Hi Dinesh,
Michael is correct - you do not
have to do locking for FBNS in single user mode.
However I decided to do it. My convoluted logic is:
If my client does not call lock explicitly, then I will have to do it behind the scenes: whenever they call modify in my client connection factory object, the connection factory object will have to call the remote lock, modify, and unlock methods. So far so good.
But, according to our instructions, we have to expose the lock and unlock methods to the remote client. Therefore someone could be enhancing my code, and notice that my code does not call the lock method. (the locking is done in the connection factory object, the implementation of which is hidden from the client code). So the other programmer adds a call to lock in the client code.

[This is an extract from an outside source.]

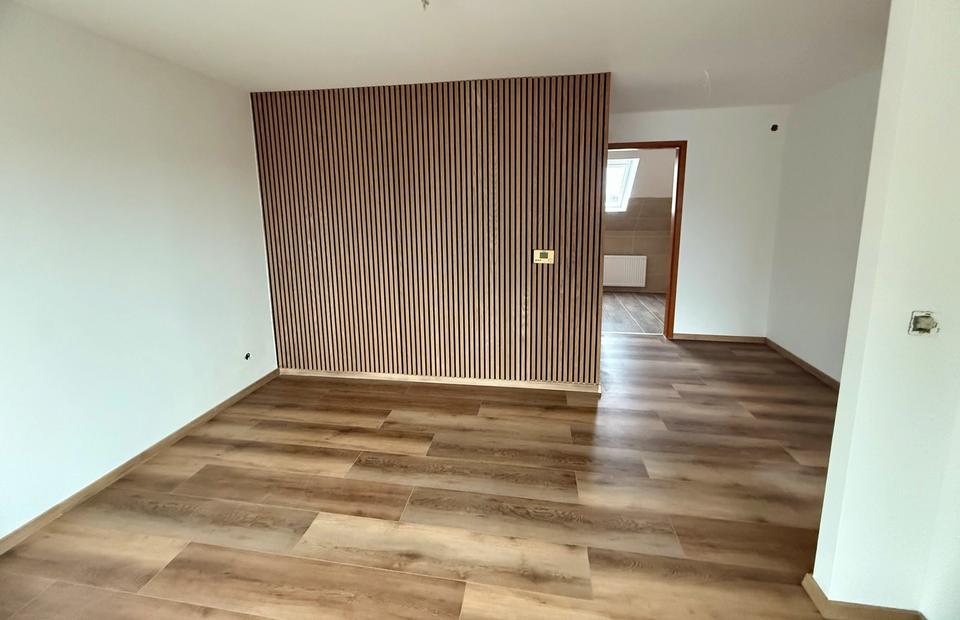 Thumbnail-Kernsanierte DG-Wohnung am Mattlerbusch-Park !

Now what happens? Does the connection factory have to handle the case where a record is allready locked? How does it know? If it tries to get the lock a second time, what happens? Should the server ignore the request since the client already owns the lock? I dont think so - a logic flaw in client code could result in one client doing two simultaneous updates which would be treated as one update in this case. Should the server attempt to get the lock again - in which case deadlock will occur. Should the server give a deadlock exception? This has gotten ugly real fast.
Also, I believe locking should be in the client code. Consider a potential future requiement where we need to be able to book two flights simultaneously. If we dont get both we dont want either. The example I like to give is from when I lived in Holland, but used to travel back to Australia every year. There was only one flight from Holland to London that I could catch in the morning (and it required me to be up at 4am
) in order for me to catch the
only morning flight from London to Sydney. If I could not book the Holland flight, then the London flight was no good. If I could not catch the London flight, then the Holland flight would get me into London 12 hours before the next Australia flight - also not wanted. The best way to handle this is to lock both flights, confirm availability on both flights, book both flights, unlock both flights. Otherwise you would need some way of backing bookings out.
OK - I admit that both examples are not in the requirements.
However I think the first example falls into the category of making the code simple enough for a junior programmer to understand. I would not want the junior programmer to break the code because they thought I had missed something.
And I think the second example falls into the category that the code must be extensible.